I recently drove a Nissan Maxima as a rental while on a trip. I loved the smoothness and responsiveness of the cvt. As I am in the market for a new (used) car, I am curious about this type of transmission, its reliability and its economy over the long haul. I am specifically looking at a 2006 or 2007 Murano or a Maxima. Any advice and information would be helpful. Thanks.
CVTs have been used in mass produced vehicles for at least ten years. I first saw one in a 1998 Honda Civic HX. I don’t know for sure how long Nissan has been making them, but I would be comfortable buying a Honda with one.
The CVT was invented by a Dutch company called DAF in the mid fifties. They made them for their small cars for a while then sold their car and heavy duty truck division to Volvo. They licensed the CVT to a number of companies, I believe. The CVT has been around for quite some time and can now handle more powerful engines; the original CVTs use rubber belts which wore out quite fast.
Transmission shops have not learned to work on these yet, so you are probably stuck with going to the dealer, who will usually change out the unit if it needs repairs. So, if you have a problem out of warrranty, this can get quite pricey.
The technology is still rather new, but it is certainly out of the experimental age. If I were buying and was considering an automatic transmission, I certainly would consider a CVT.
My sister was interested in the vehicle until she found a Murano forum with many users complaining of CVT failures. Internet people complain so of course lots of posts about complaints not compliments. However the scary part to her was the typical fix price was around $7000 as repair procedure of Nissan is not in the works, its exchange of the entire CVT unit.
Even automatic BMW’s do not approach this cost. I would suggest sticking to automatic transmission’s which don’t typically approach half the $7k figure and typically have at least a 150k lifespan.
Who besides nissan offers them?
Test drove a Murano today and WOW!! was it a great ride!
My memory is real hazy but the CVT has been around for about 70 or 80 years I think; just not very widespread until lately.
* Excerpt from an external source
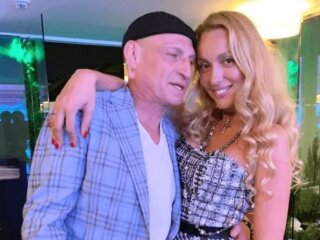 Оля Полякова с мужем Вадимом, фото из соцсетей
Subaru used them on the Justy back in the 80s but these were problematic.
Nissan does not build those transmissions; they’re made by JATCO who also builds them for Chrysler and soon to be VW I think.
JATCO has been specializing in transmissions for a long time but that does not mean that everything that comes off the assembly line is defect free.
The Chrysler Pacifica and Dodge Caliber use the JATCO CVT. My son has an '07 Caliber and has had no problems up to this point, but the long haul has not started yet.
There have been some complaints from Nissan owners about CVT failures at comparatively low mileage but like most problems that occur, the story behind the failure is often not known.
If there were design defects in the original units for the Nissan maybe those defects have been worked out by now; not only on Nissan but other car makes.
Ford had them in the Ford 500, which is now the new Taurus. Toyota has it in the Prius, and some other models. Nissan has the most experience with them. Can’ recall any others just nwo, but small economy cars are the natural recipients, because of the efficiency of the unit.
Honda has it too.
The Pacifica uses electronically-controlled 4- or 6-speed automatic transaxles, not CVTs. The Jeep Compass and Patriot, being Caliber clones, use CVTs.
I have no knowledge if they are reliable or not. But the ONE thing I don’t like about them is…IF there’s a problem…then the only option is to REPLACE the transmission. These transmissions can NOT be rebuilt.